El único dios que los romanos se negaron a tolerar durante mucho tiempo fue el dios monoteísta y evangelizador de los cristianos. El Imperio romano no exigía que los cristianos renunciaran a sus credos y rituales, pero esperaban de ellos que respetaran a los dioses protectores del imperio y la divinidad del emperador. Esto se consideraba una declaración de lealtad política. Cuando los cristianos rehusaron hacerlo de forma vehemente y siguieron rechazando todos los intentos de llegar a un compromiso, los romanos reaccionaron persiguiendo a los que consideraban una facción políticamente subversiva. E incluso esto lo hicieron de mala gana. En los 300 años transcurridos entre la crucifixión de Cristo y la conversión del emperador Constantino, los emperadores romanos politeístas iniciaron solo cuatro persecuciones generales de cristianos. Los administradores y gobernadores locales incitaron a la violencia anticristiana por su cuenta. Pero aun así, si sumamos todas las víctimas de todas estas persecuciones, resulta que en esos tres siglos los politeístas romanos mataron a no más que unos pocos miles de cristianos.[1] Por el contrario, a lo largo de los siguientes 1.500 años, los cristianos masacraron a millones de correligionarios para defender interpretaciones ligeramente distintas de la religión del amor y la compasión.

Las guerras religiosas entre católicos y protestantes que asolaron Europa en los siglos XVI y XVII son especialmente notables. Todos los implicados aceptaban la

divinidad de Cristo y Su evangelio de compasión y amor. Sin embargo, no estaban de acuerdo acerca de la naturaleza de dicho amor. Los protestantes creían que el amor divino es tan grande que Dios se hizo carne y permitió que se Le torturara y crucificara, con lo que redimió el pecado original y abrió las puertas del Cielo a todos los que Le profesaban fe. Los católicos sostenían que la fe, aunque esencial, no era suficiente. Para entrar en el Cielo, los creyentes tenían que participar en los rituales de la Iglesia y hacer buenas obras. Los protestantes se negaron a aceptarlo, aduciendo que esta compensación empequeñecía la grandeza y el amor de Dios.
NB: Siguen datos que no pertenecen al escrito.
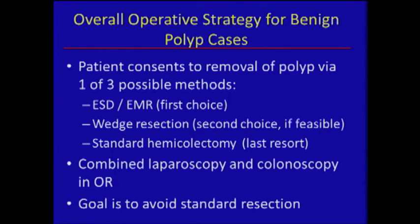We tell patients their polyp will come out via one of three methods: if possible, it will be ESD-EMR; if not, and if the lesion is in the cecum, we may do a wedge resection; and if that fails, we go to a standard hemicolectomy. We perform both endoscopy and laparoscopy simultaneously in the OR, and we want to avoid resection.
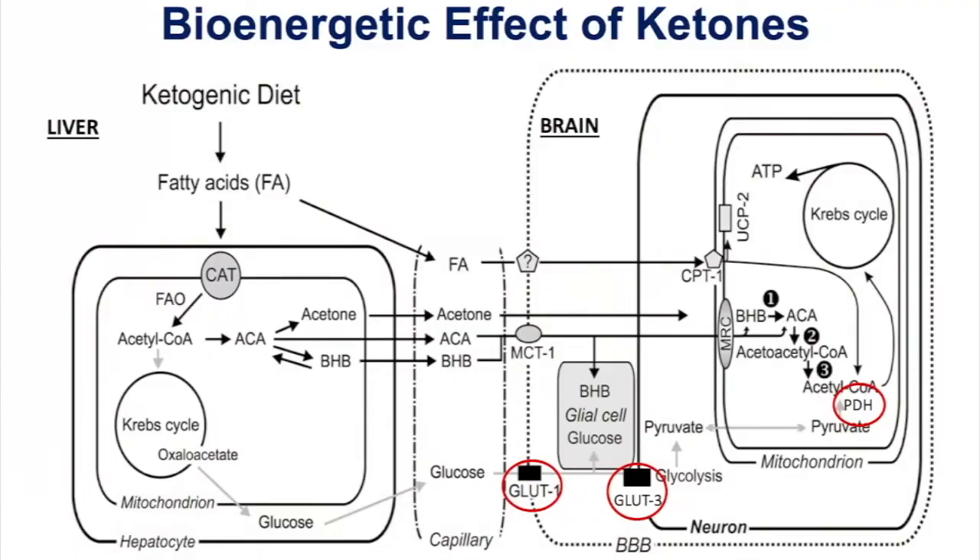Here are the bioenergetic effects of ketones — in this case, just the brain. The liver is the site of ketone production. Under situations of suppressed glucose and gluconeogenesis in the liver, suppressed insulin signaling, and mild glycogen depletion, the liver produces ketone bodies as acetyl-CoA from beta-oxidation of fatty acids accumulates. The acetyl-CoA condenses to form acetoacetate and then beta-hydroxybutyrate. Beta-hydroxybutyrate is the primary ketone body in circulation because it's more resistant to degradation, whereas acetoacetate can be spontaneously decarboxylated.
Quien piense que entrar en el Cielo depende de sus propias buenas obras magnifica su propia importancia e implica que el sufrimiento de Jesucristo en la cruz y el amor de Dios por la humanidad no bastan.

Estas disputas teológicas se volvieron tan violentas que, durante los siglos XVI y

XVII, los católicos y los protestantes se mataron unos a otros por cientos de miles. El

23 de agosto de 1572, los católicos franceses, que señalaban la importancia de las buenas obras, atacaron a comunidades de protestantes franceses, que destacaban el amor de Dios por la humanidad. En este ataque, la Matanza del Día de San Bartolomé, entre 5.000 y 10.000 protestantes fueron asesinados en menos de veinticuatro horas. Cuando al Papa de Roma le llegaron las noticias de Francia, quedó tan embargado por la alegría que organizó plegarias festivas para celebrar la ocasión, y encargó a Giorgio Vasari que decorara una de las salas del Vaticano con un fresco de la matanza (en la actualidad el acceso a la sala está vedado a los visitantes).[2] Durante esas veinticuatro horas murieron más cristianos a manos de otros cristianos que a manos del Imperio romano politeísta a lo largo de toda su existencia.